Data follows below. Repeat exactly the lines between the line holding "thumbnail image 3" and the line holding "Calligraphy of Happy", inclusive, and nothing more; drop pictures.

• **Records provided**:
Segment Open
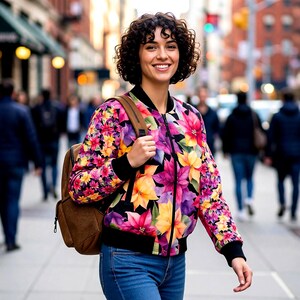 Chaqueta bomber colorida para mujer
Segment Closed
Segment Open
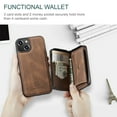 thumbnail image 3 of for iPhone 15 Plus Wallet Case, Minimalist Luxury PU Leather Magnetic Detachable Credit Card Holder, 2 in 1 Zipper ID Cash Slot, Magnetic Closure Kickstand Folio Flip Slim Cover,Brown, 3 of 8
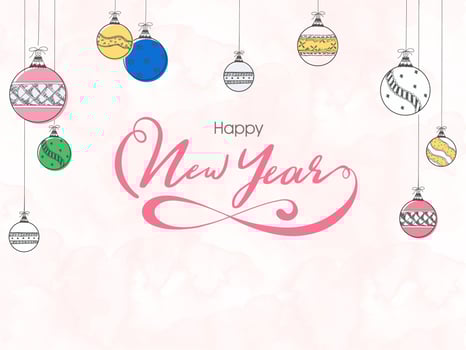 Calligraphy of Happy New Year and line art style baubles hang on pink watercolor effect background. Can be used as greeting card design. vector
Segment Closed
• **Task response**:
 thumbnail image 3 of for iPhone 15 Plus Wallet Case, Minimalist Luxury PU Leather Magnetic Detachable Credit Card Holder, 2 in 1 Zipper ID Cash Slot, Magnetic Closure Kickstand Folio Flip Slim Cover,Brown, 3 of 8
 Calligraphy of Happy New Year and line art style baubles hang on pink watercolor effect background. Can be used as greeting card design. vector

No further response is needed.